Karen Beautle

Personal information
- Full name: Karen Rose Marie Beautle
- Nationality: Jamaican
- Born: 13 June 1971 (age 55)

Sport
- Sport: Athletics
- Event: High jump

Achievements and titles
- Personal best: 1.89 m (2000)

Medal record
Representing Jamaica
Commonwealth Games
| Bronze medal – third place | 2006 Melbourne | High jump |

= Karen Beautle =

Jamaican high jumper (born 1971)

Karen Rose Marie Beautle (born 13 June 1971) is a Jamaican high jumper. She competed at the Olympic Games in 2000 and three Commonwealth Games, winning the bronze medal at the 2006 Commonwealth Games.

==Career==
Beautle became Jamaican champion in the high jump in 1998, 1999, 2002, 2004 and 2006. She won her first regional medal at the 1997 Central American and Caribbean Championships, where she claimed the silver. In 1998 she finished fourth at the Central American and Caribbean Games and ninth at the Commonwealth Games. Her best result came when she won the Jamaican U19 Championships in Kingston in March 1998. Her only regional gold medal came at the 1999 Central American and Caribbean Championships; the same year she finished sixth at the 1999 Pan American Games.

In February 2000, Beautle, still a U20 athlete, achieved her lifetime best when jumping 1.89 metres in Kingston. She competed at the 2000 Olympic Games without reaching the final. She competed seldomly in 2001, and not at all in 2003.

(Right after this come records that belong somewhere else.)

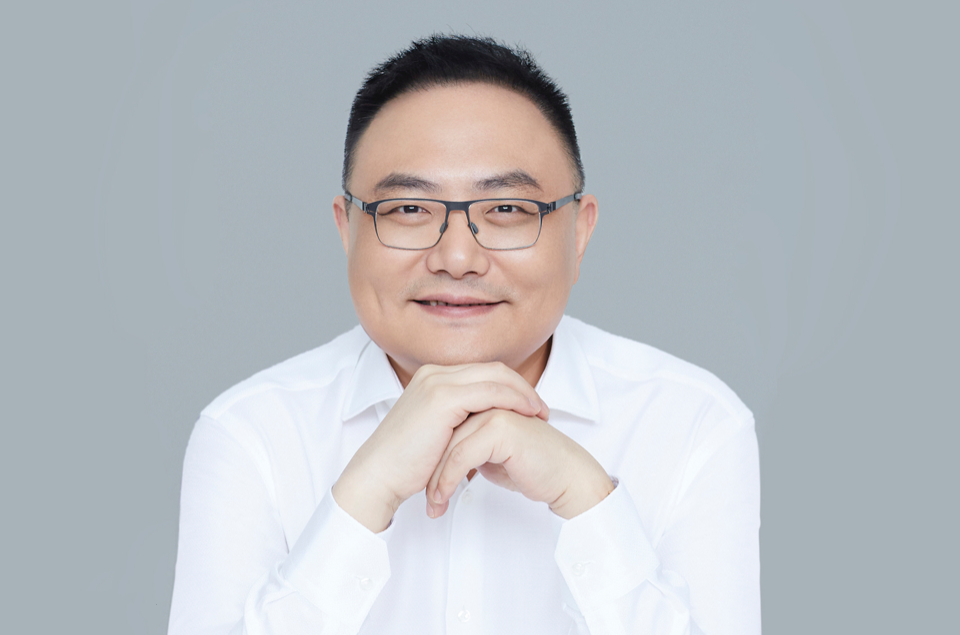 羅振宇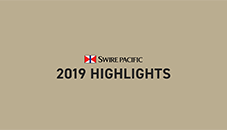 Swire Pacific 2019 Highlights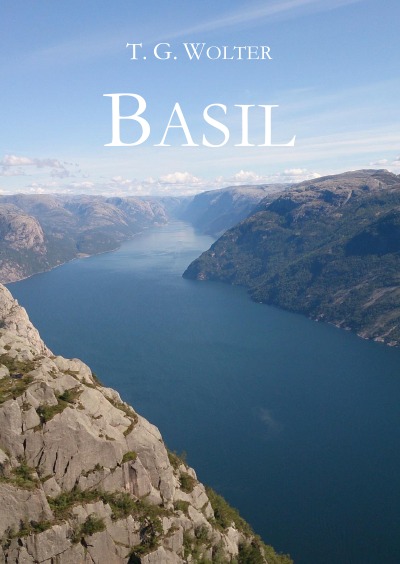 'Cover von Basil'-Cover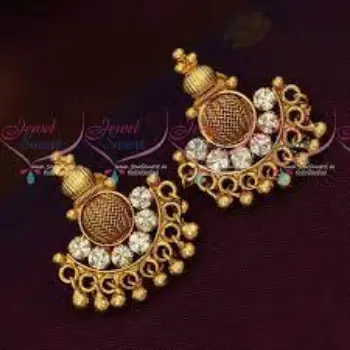 Nice Imitation Earring
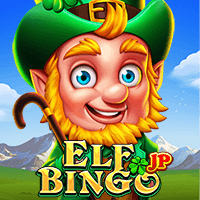 Elf Bingo thumbnail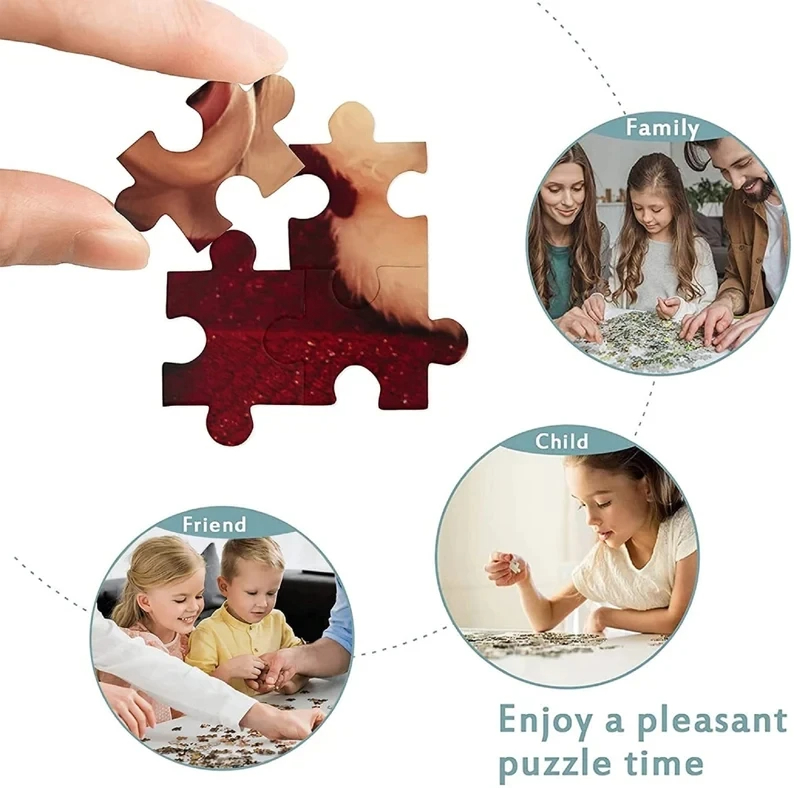 1000 PCS Victoria Frances Vamp - Kids Toys Victoria recensie en prijs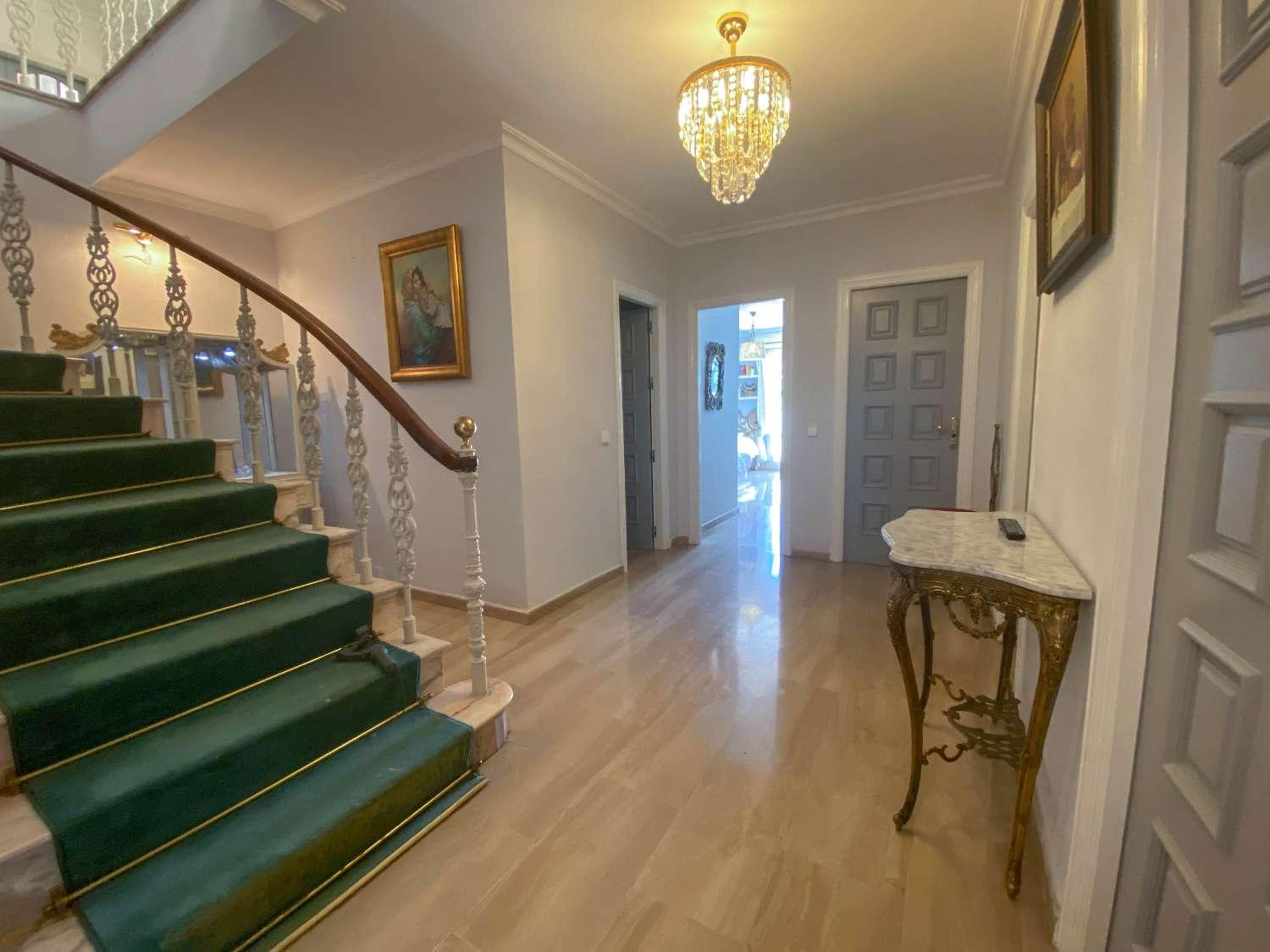 Duplex for Sale in Fuengirola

In 2002, however, she became national champion with a 1.87 metre jump and proceeded to compete in the United Kingdom throughout the summer, registering 1.88 m in Cardiff. She rounded off with a fifth place at the 2002 Commonwealth Games before finishing fourth at the 2002 Central American and Caribbean Games.

She later won the silver medal at the 2005 Central American and Caribbean Championships, the bronze medal at the 2006 Commonwealth Games and finished fourth at the 2006 Central American and Caribbean Games. At the 2006 Commonwealth Games, Beautle edged out five other jumpers who, like her, failed at 1.88 metres. Beautle edged ahead on countback.

Beautle started coaching high jumpers of the Rochester Yellowjackets in 2011, though as a volunteer.